# [Aim of the exercise]
Would you give the listing again exactly as written, minus its pictures?

# [Data shown]
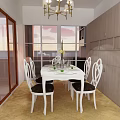 Modern Living and Dining Room Interior Design With White Sofa Decorative Chandelier And Gray Rug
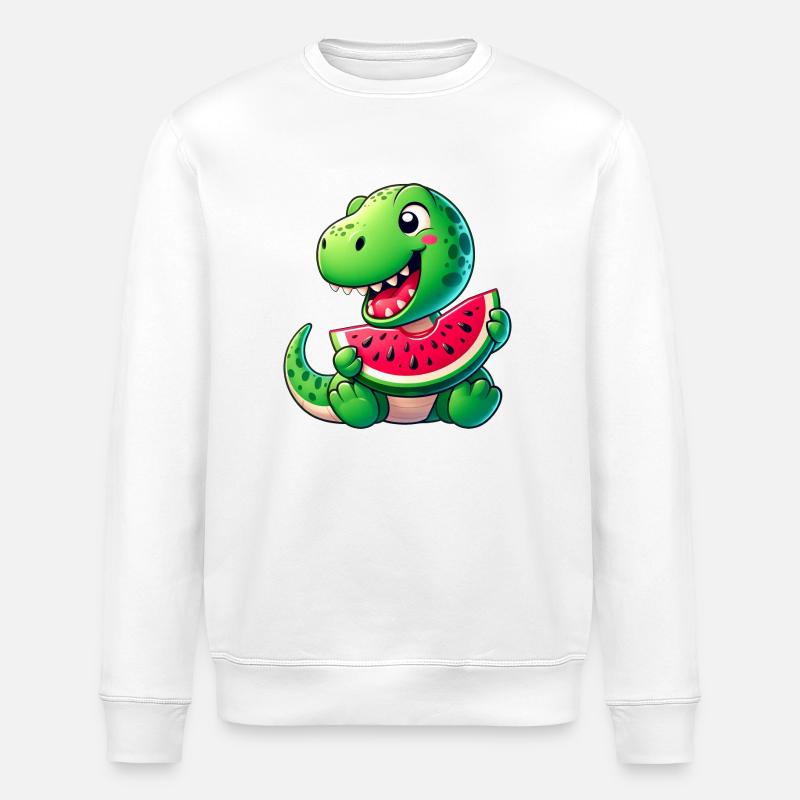Dino T-Rex Wassermelone Fruchtig Lustig - Stanley/Stella Unisex Bio-Sweatshirt ROLLER - Weiß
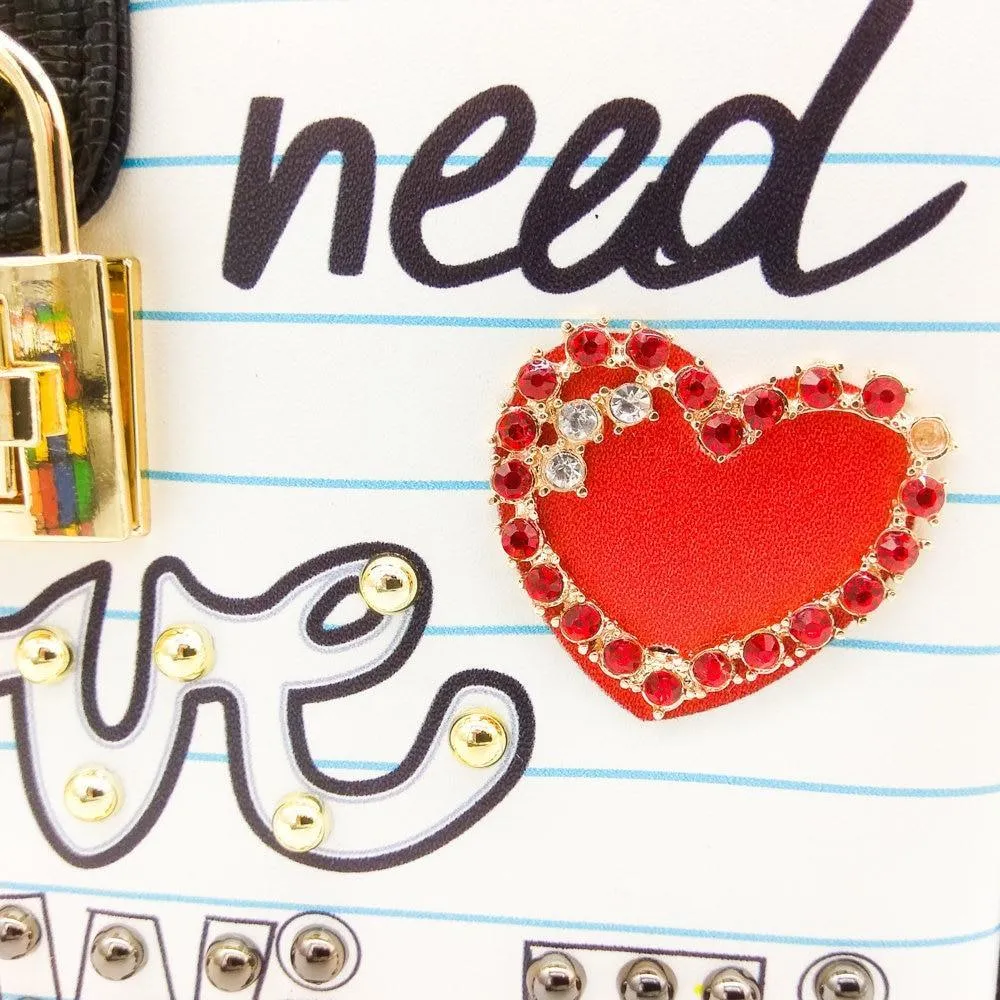 All I Need Is Love and Wi-Fi Faux Crocodile Skin Handbag Kawaii Harajuku Cute Pearl Studs Graffiti Queen Heart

# [Solution to the problem]
 Modern Living and Dining Room Interior Design With White Sofa Decorative Chandelier And Gray Rug
Dino T-Rex Wassermelone Fruchtig Lustig - Stanley/Stella Unisex Bio-Sweatshirt ROLLER - Weiß
 All I Need Is Love and Wi-Fi Faux Crocodile Skin Handbag Kawaii Harajuku Cute Pearl Studs Graffiti Queen Heart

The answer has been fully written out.